Start of DATA FOR ANALYSIS
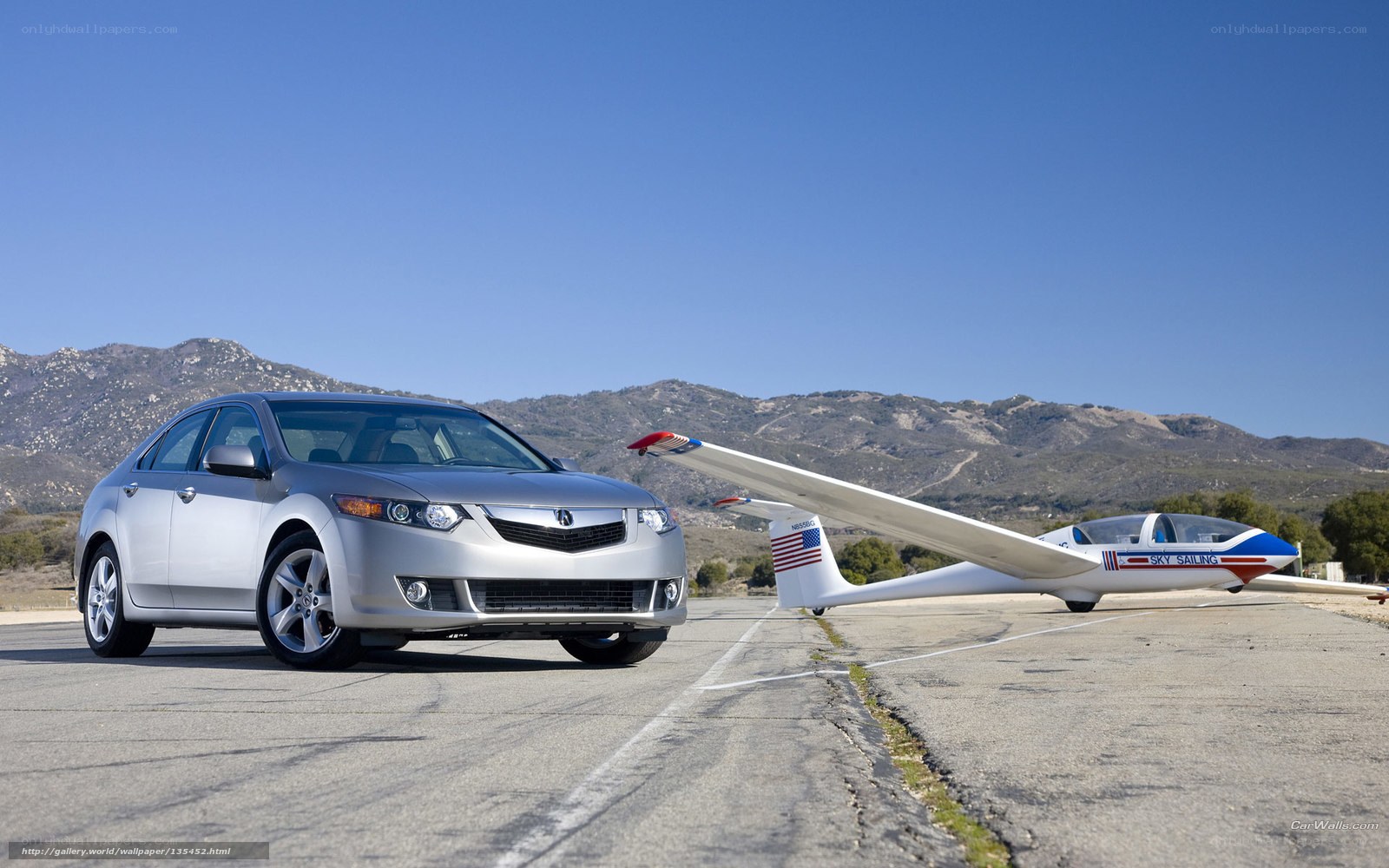 Silver Acura and glider on tarmac
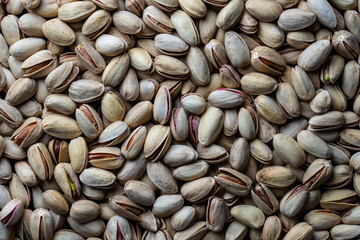 Pistachios texture and background. Pile pistachio kernels nuts with shell, closeup. Pistachio nuts. Whole nut kernels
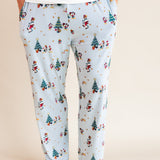 Man wearing Men's Lounge Pants in Mickey & Friends Christmas print with pockets over white T-shirt on a beige background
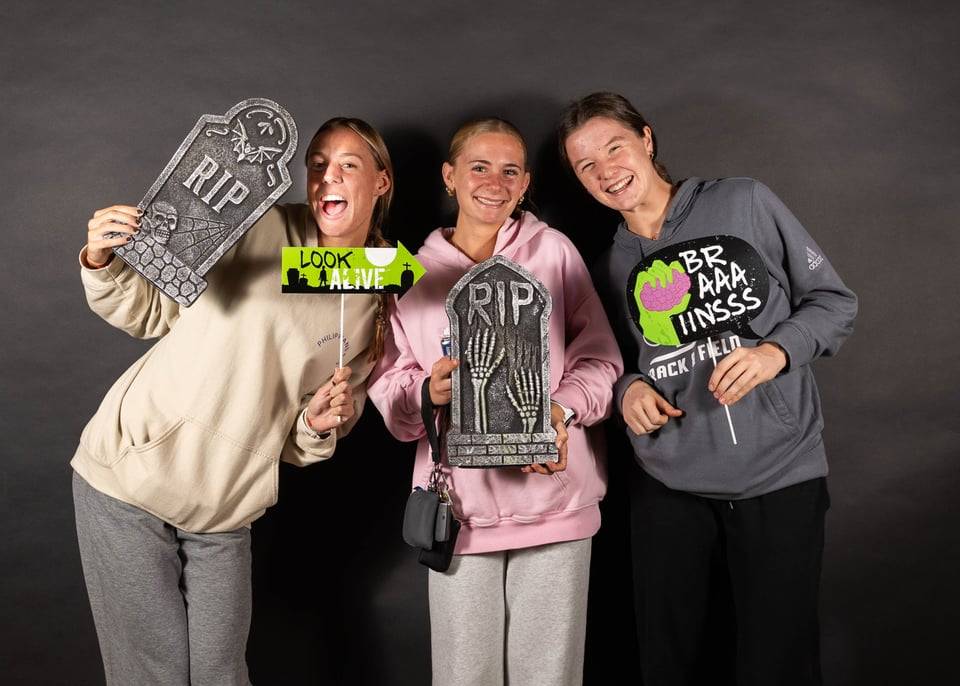 Students with tombstone props at a photobooth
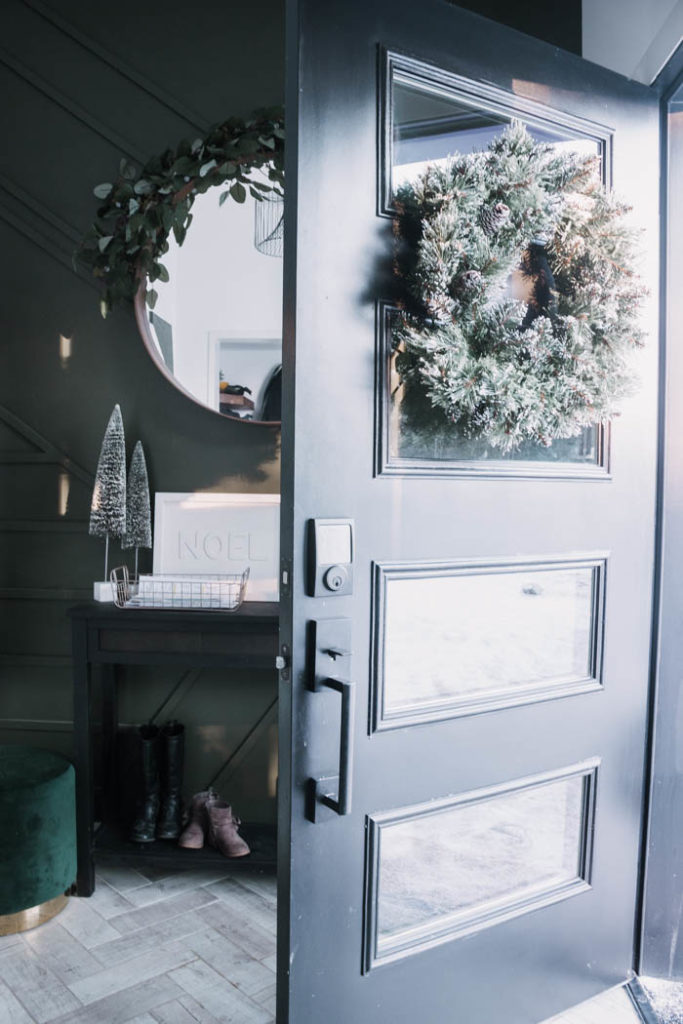 Update your front door with a keyless door lock. These amazing smart locks can be controlled with an app and linked to your Google Home device. Love the matte black lock and hardware on this black door! #smarttechnology #entry #modernentry #keylessentry #hardware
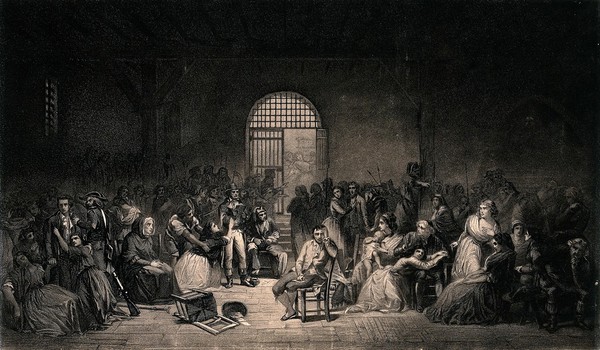 French Revolution: a prisoner sits in the middle of a crowded prison room as a woman nearby pleads with an official. Aquatint and etching by A. Riffaut after Ch. Muller.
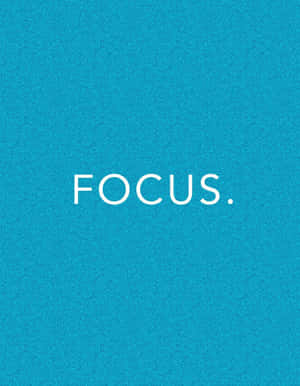 文字圖形，在帶有紋理的青綠色背景上顯示「focus」一詞。 — 攝影師 壁紙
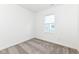 Neutral bedroom showcasing gray carpet, a window letting in natural light, and white walls at 159 Derringer Ave, Westfield, IN 46074
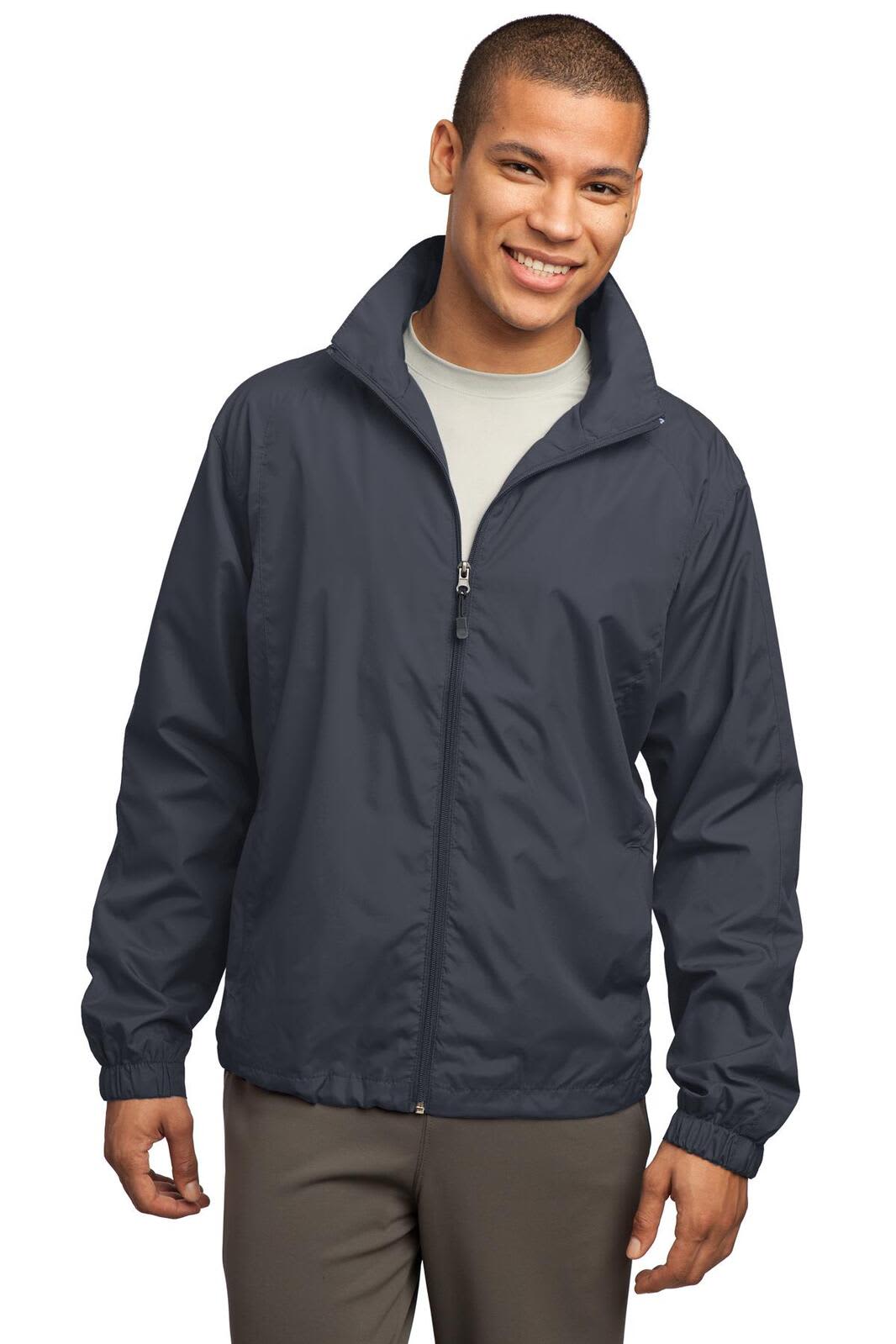 A full-zip wind jacket in navy blue, featuring a collar and a logo, worn by a smiling individual.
End of DATA FOR ANALYSIS
- _WHAT THIS TASK INVOLVES_:
In the answer, include exactly the lines from the one containing "Neutral bedroom showcasing" through the end of the records above and no pictures at all.

- _EXERCISE RESULT_:
 Neutral bedroom showcasing gray carpet, a window letting in natural light, and white walls at 159 Derringer Ave, Westfield, IN 46074
 A full-zip wind jacket in navy blue, featuring a collar and a logo, worn by a smiling individual.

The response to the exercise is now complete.